To up the ante, I was told that he loved bicycles and she wanted me to use rusty things AND bicycle stuff. So off I went to the dump, found 2 bikes that were headed for the scrap heap and lugged them home to take them apart. I realized I am not attracted to bike parts. The only piece that grabbed my attention were the spokes. I couldn't get the rear spokes off because I didn't have a special tool to remove the gear things on the wheel. It started to feel like a doomed project, going to the dump every day hoping for a bike to get for free to take apart just for some spokes and bring it back and have to pay to drop it off.
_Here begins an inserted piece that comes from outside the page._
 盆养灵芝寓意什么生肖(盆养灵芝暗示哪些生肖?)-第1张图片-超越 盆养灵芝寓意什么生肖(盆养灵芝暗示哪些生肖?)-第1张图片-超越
Then my obsessive part took over and I began my ebay search for spokes. I realized there are single gauged spokes...double butted spokes...elliptical spokes...nipples (the cool screw things that attach the end of the spoke to the rim), I could spend weeks searching for the best length and matching nipples, I could hear chaching chaching chaching. I have to keep in mind she has a budget for me, not over $1,500. The gallery gets 40% and I've already spent $120 on stuff. Maybe I should quit while I'm behind.
Meanwhile my first few ideas seemed fun but also way over my head technically. A week was spent trying to work on the piece while having communication via email with the woman about the piece. She had hoped I could do it for her husbands birthday which was a week away...not likely but I had hope too. In between the emails of is this okay and yes/no etc, I realized I can't work this way I told her I tore the piece up and will let you know how its going when it gets going. She was cool with that. This of course didn't stop any of the pressure, because I put more pressure on myself than anyone else possibly could. I upped the ante even more by taking in two pieces to have backs welded to them all to realize what I had planned to do isn't going to work. I made the dreadful mistake of letting her know I had something and not trusting that I could just make something on my own. What fucked my brain up was listening to her and not listening to me. So, she will be hoping I have something this weekend to show her and right now I do not.
I want to abandon this, again. Each time I think about saying I can't do this my alter ego comes out from nowhere and laughs at me. Points downward at me and makes a knowing burble sound of ha, see you aren't an artist. You can't even do this. Go work at the grocery store and stop this nonsense. I try to ignore it. I lay in bed and thoughts come to me of throwing out all my art and just disappearing. I am having a huge battle and its all in my own stupid head.
So today I decide I will try one more time. One more idea.